Perhaps I would organize the solution in this way.

Let (x0,y0,z0) be the current position of the ball/point.

Let (x',y',z') be the its constant velocity, with time t measured in
consistent units.

Then the parametric form of the point's trajectory is:

(x0 + t*x', y0 + t*y', z0 + t*z')

It remains only to provide an equation for the surface to be
intersected.  This is quite easy for the sphere, whose equation, given
radius r and center:

(xc, yc, zc)

is of course:

(x - xc)^2 + (y - yc)^2 + (z - zc)^2 = r^2

Upon substituting the parametric expressions:

x = x0 + t*x'
y = y0 + t*y'
z = z0 + t*z'

you will obtain a quadratic equation for t, which may have one, two,
or no real roots.  As discussed before, you are interested in the
smaller of any positive real roots (except that you may wish to check
for one positive and one negative root and interpret that a the point
emerging from inside the sphere).  A root at time t = 0 would indicate
the point is one the sphere's surface "now", and this too may have
some special significance for your application.

Treatment of the frustum of the cone would be similar.  However the
frustrum of a cone is necessarily less symmetrical than the sphere,
which manifests itself in awkward expressions for the general equation
for the cones surface.

I would apply a rigid transformation (rotation and translation of
coordinates, which would need to be applied equally to the
ball/point's trajectory) so that the axis of the cone becomes simply
the z-axis (say).  Then your data for the cone would consist of two
points for the top and bottom circles positioned some equal distance
apart on the z-axis as they were originally, together with their
respective radii (for the top and bottom circles).  That is:

(0,0,zA) with radius rA

(0,0,zB) with radius rB

Now the surface of the full (dual) cone consists of the rotation of a
line, e.g. the one in the xz-plane given by:

x = m (z - zB) + rB

where m = (rA - rB)/(zA - zB), all the way around the z-axis.

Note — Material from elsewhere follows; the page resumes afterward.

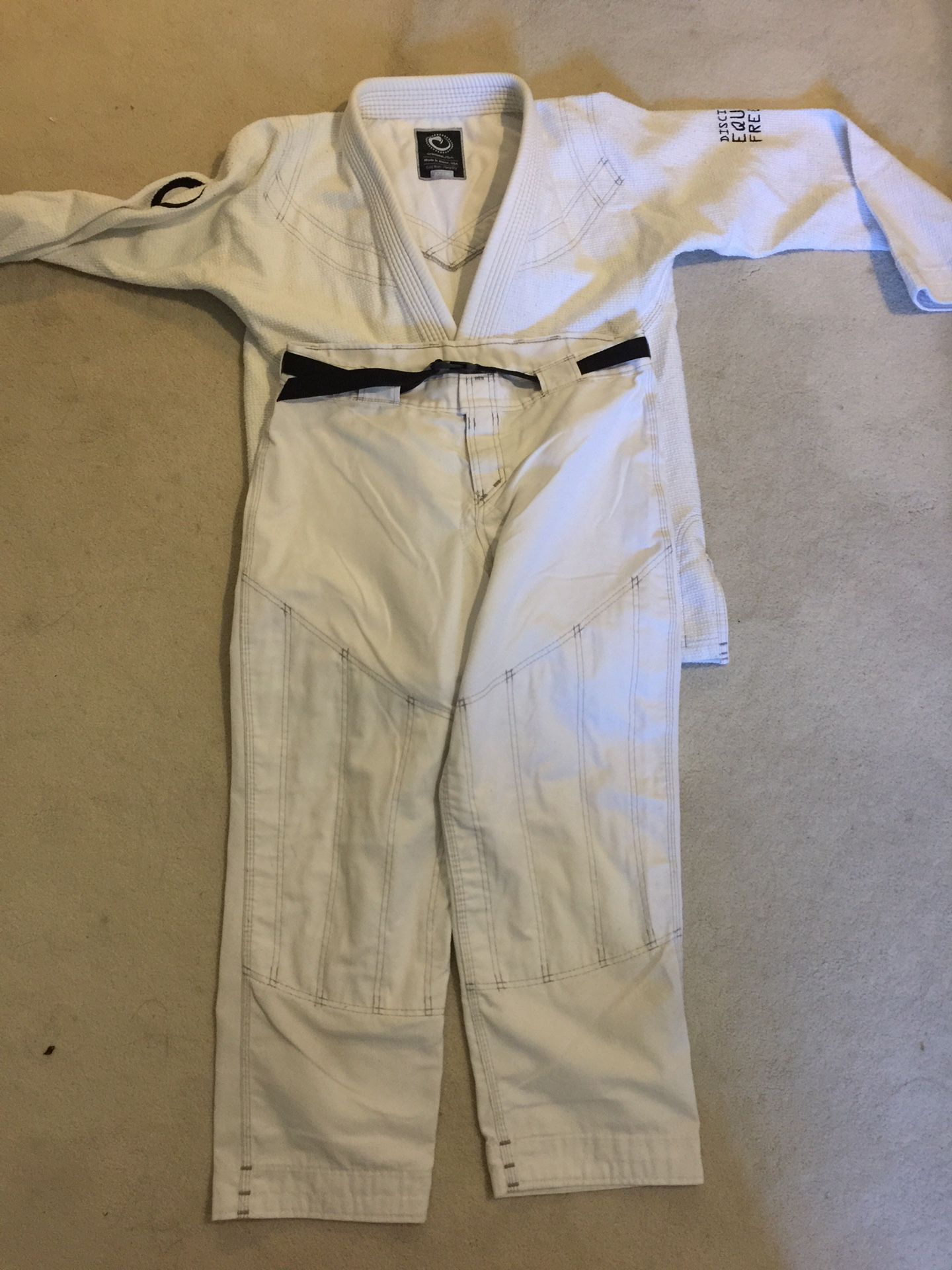 Like New White origin Bjj jiu jitsu gi kimono - size A2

The equation of the full (dual cone) is then:

x^2 + y^2 = ( m(z - zB) + rB )^2

One substitutes the parametric expressions for x,y,z in terms of t as
before, and solves the resulting quadratic equation for any (positive)
real roots t.  However there is an additional check to perform, given
such real roots t, to verify that the points of contact lie in the
frustum region and not beyond.  This check is easily performed,
however, by evaluating the z-coordinate from t and seeing if this
z-value is between zA and zB.

Again there are circumstances such as a point emerging through the
frustum from within the cone whose significance is best determined by
your intended application.

Hopefully this account is sufficiently detailed for you to be able to
apply its principles to the specifics of your own notations (which I
assume will involve some programming!).

best wishes, mathtalk-ga